# WHAT YOU ARE ASKED TO DO
From the data below, return only the lines from the one with "Baby Changing Basket, Diaper" through the one with "Омега 3 Protocol", exact and inclusive, with pictures left out.

# EXERCISE INPUT
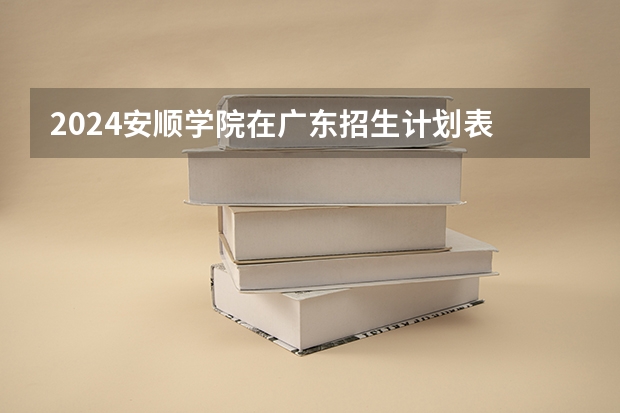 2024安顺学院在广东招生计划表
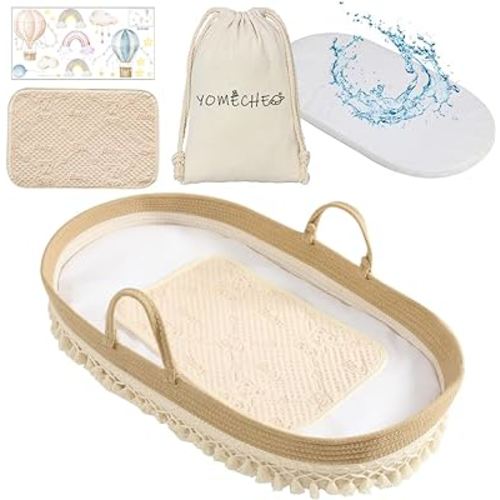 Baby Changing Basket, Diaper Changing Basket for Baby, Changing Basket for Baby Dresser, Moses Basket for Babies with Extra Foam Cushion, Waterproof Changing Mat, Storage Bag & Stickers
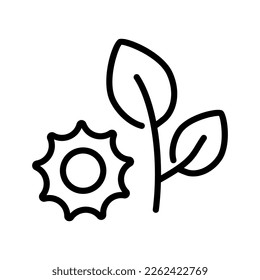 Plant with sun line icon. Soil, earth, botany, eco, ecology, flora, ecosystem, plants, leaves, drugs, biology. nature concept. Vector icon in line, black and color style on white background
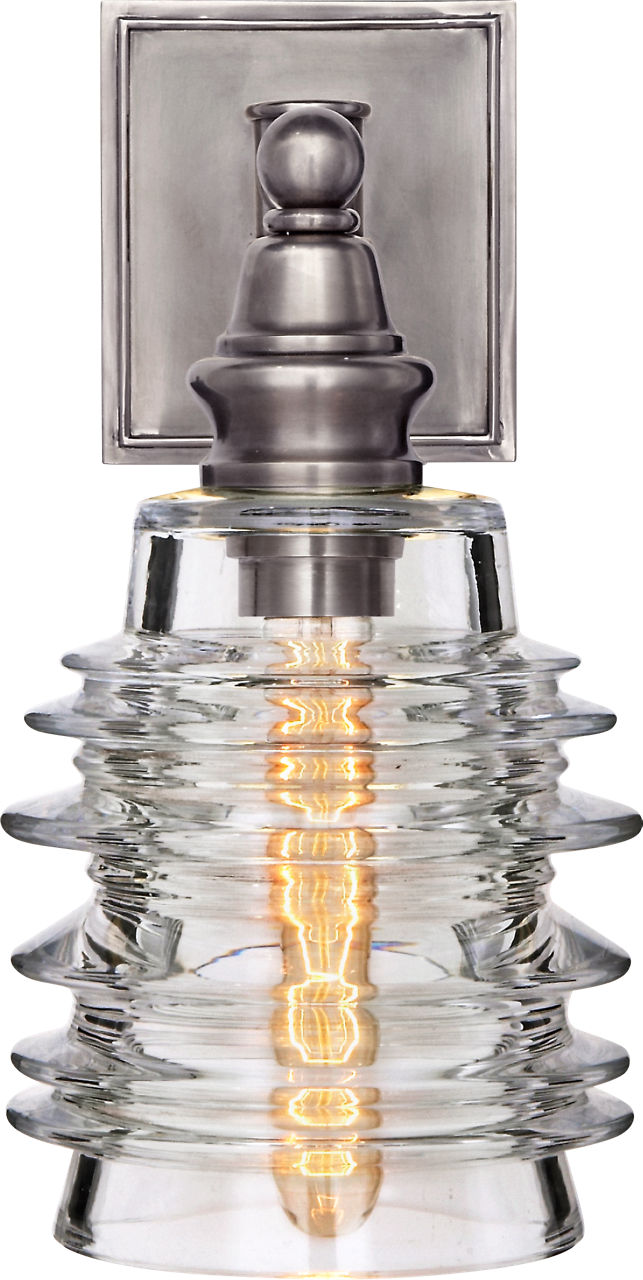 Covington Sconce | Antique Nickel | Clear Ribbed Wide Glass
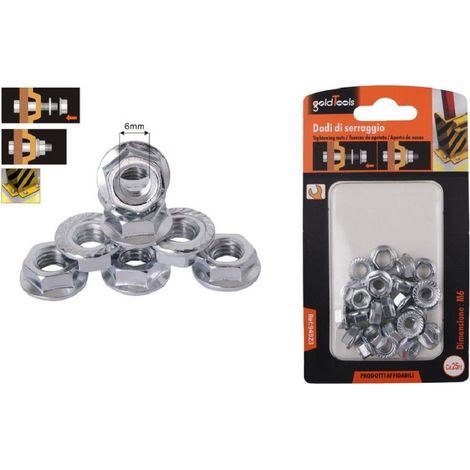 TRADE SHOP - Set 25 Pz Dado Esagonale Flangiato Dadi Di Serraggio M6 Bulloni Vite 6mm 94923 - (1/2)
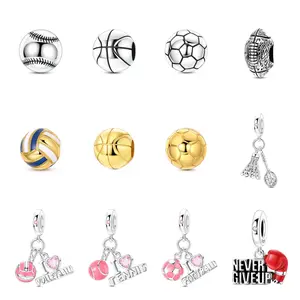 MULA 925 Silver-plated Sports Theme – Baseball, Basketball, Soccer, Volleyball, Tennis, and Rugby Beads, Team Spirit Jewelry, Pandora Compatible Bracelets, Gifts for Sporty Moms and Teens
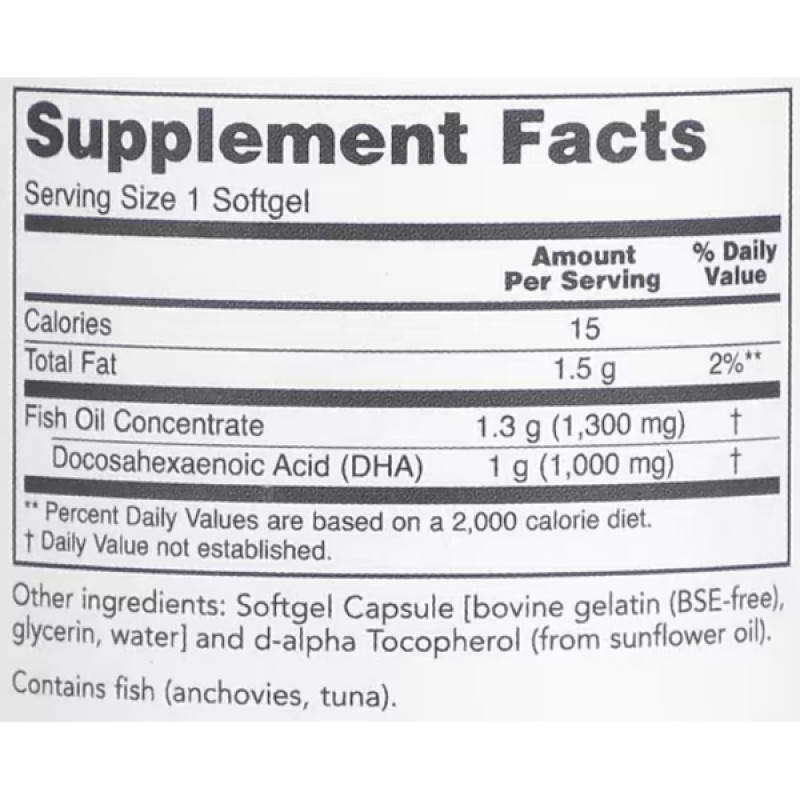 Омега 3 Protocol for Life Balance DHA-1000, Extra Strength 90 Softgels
...
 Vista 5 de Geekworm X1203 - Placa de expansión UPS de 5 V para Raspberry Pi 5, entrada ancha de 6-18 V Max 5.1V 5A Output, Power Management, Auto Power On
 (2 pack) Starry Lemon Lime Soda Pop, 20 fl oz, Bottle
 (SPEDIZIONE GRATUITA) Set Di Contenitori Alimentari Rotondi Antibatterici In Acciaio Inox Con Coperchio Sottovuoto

# ANSWER TO THE EXERCISE
 Baby Changing Basket, Diaper Changing Basket for Baby, Changing Basket for Baby Dresser, Moses Basket for Babies with Extra Foam Cushion, Waterproof Changing Mat, Storage Bag & Stickers
 Plant with sun line icon. Soil, earth, botany, eco, ecology, flora, ecosystem, plants, leaves, drugs, biology. nature concept. Vector icon in line, black and color style on white background
 Covington Sconce | Antique Nickel | Clear Ribbed Wide Glass
 TRADE SHOP - Set 25 Pz Dado Esagonale Flangiato Dadi Di Serraggio M6 Bulloni Vite 6mm 94923 - (1/2)
 MULA 925 Silver-plated Sports Theme – Baseball, Basketball, Soccer, Volleyball, Tennis, and Rugby Beads, Team Spirit Jewelry, Pandora Compatible Bracelets, Gifts for Sporty Moms and Teens
 Омега 3 Protocol for Life Balance DHA-1000, Extra Strength 90 Softgels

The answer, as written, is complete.